### Problem description:
Find the line that holds "Landscape nature morning", then repeat it and each line below it word for word through the end of the listing, leaving out pictures.

### The input:
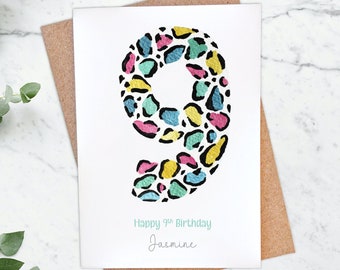 Personalised Age 9 Birthday Rainbow Leopard Print Card, Girls 9th Birthday, Card for Granddaughter, Goddaughter, Card for Daughter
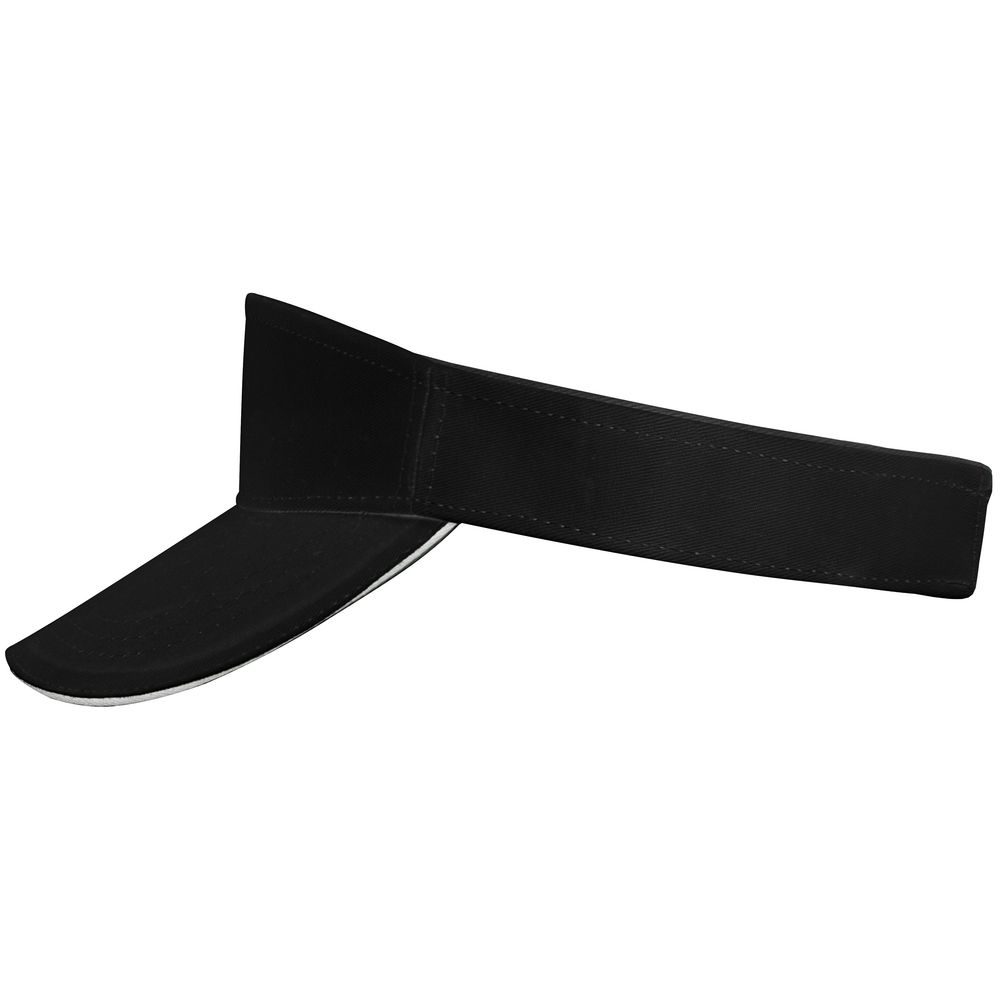 Козырек Active, черный с белым кантом-2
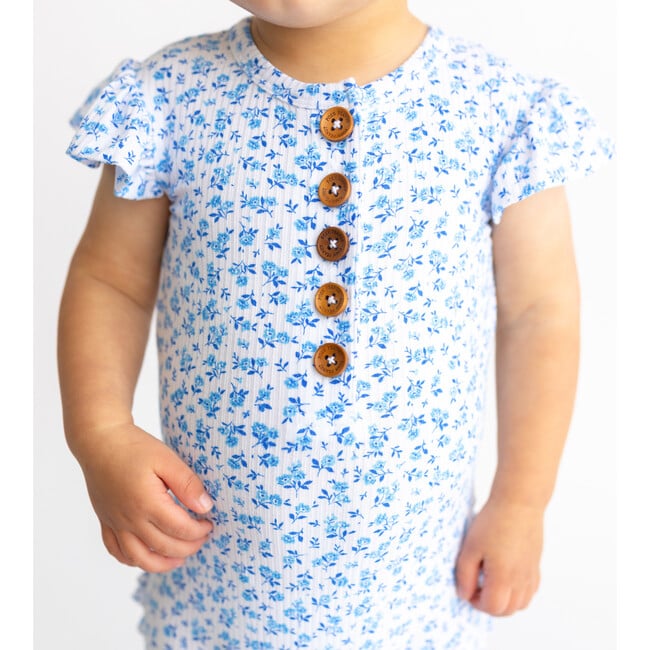 Andina Ruffled Capsleeve Henley Romper, White - Rompers - 5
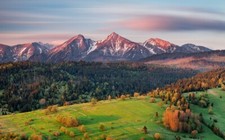 Landscape nature morning mountains snowy peak forest Custom Gaming Mat Desk picture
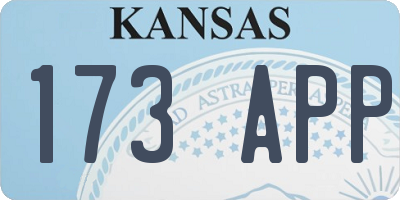 KS license plate 173APP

### Task response:
 Landscape nature morning mountains snowy peak forest Custom Gaming Mat Desk picture
 KS license plate 173APP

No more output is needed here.